Calculus I

Code	16133
Year	1
Semester	S1
ECTS Credits	6
Workload	TP(60H)
Scientific area	Mathematics
Entry requirements	-
Learning outcomes	With this Curricular Unit it is intended that students acquire basic knowledge of Differential and Integral Calculus of real functions of real variable. At the end of this Curricular Unit the student should be able to: 1) Compute limits of real functions of real variable; 2) Study the continuity of real functions of real variable; 3) Compute derivatives of real functions of real variable; 4) Apply the derivatives to the computation of maxima and minima of real functions of real variable; 5) Compute primitives and integrals of real functions of real variable; 6) Use integral calculus to determine areas and volumes of surfaces generated by revolution, as well as length of plain curves.
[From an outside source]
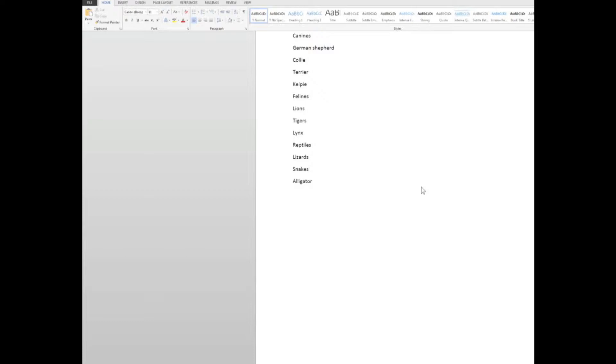I'm often asked by students and other people, how do I create a table of contents? The table of contents, which normally appears at the start of a document, is like an index which shows me which pages the information is on. I can go quickly to the information in the document, as we'll see, by holding down my control key and clicking on the item that I want to go to.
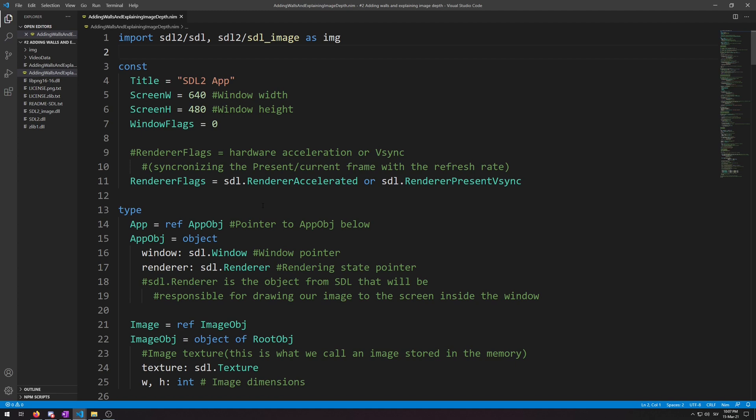Welcome to another video of my NIMSDL2 Game Development for Beginners video series number 2: Adding walls and explaining image depth. In this video we will create a new wall object and then place wall objects around the window.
Syllabus	1. Real functions of real variable: generalities and examples 1.1 Generalities about functions 1.2 Examples of functions: exponential and logarithmic; trigonometric and respective inverses; hyperbolic 2. Real functions of real variable: limits and continuity 2.1 Limits 2.2 Continuity 3. Differential Calculus 3.1 Definition and examples; derivation rules 3.2 Rolle's, Lagrange's and Cauchy's Theorems 3.3 Higher order derivatives and Taylor's formula 3.4 Monotony and local extremes; concavity and inflection points 3.5 Applications 4. Integral Calculus 4.1 Immediate primitives 4.2 Primitive techniques 4.3 Riemann integral 4.4 Fundamental Theorem of Integral Calculus 4.5 Change of variable and integration by parts 4.6 Applications of integral calculus to the determination of areas and volumes
Main Bibliography	Main Bibliography: – James Stewart, Daniel Clegg, Saleem Watson – Cálculo, Volume 1, Cengage (2022) Additional Bibliography: – Apostol, T.M., Cálculo, Vol. 1, Reverté, 1993 – H. Anton, I. Bivens, S. Davis, Cálculo, volume I, 8.ª Edição, Bookman, 2007 – Adams, Robert Alexander_ Essex, Christopher - Calculus a complete course, Pearson (2018) – João Paulo Santos, Cálculo numa Variável Real, IST Press, 2012 – Mann, W. R., Taylor, A. E., Advanced Calculus, John Wiley and Sons, 1983 – Swokowski, E. W., Cálculo com Geometria Analítica, Vol. 1 e 2, McGrawHill, 1983
Language	Portuguese. Tutorial support is available in English.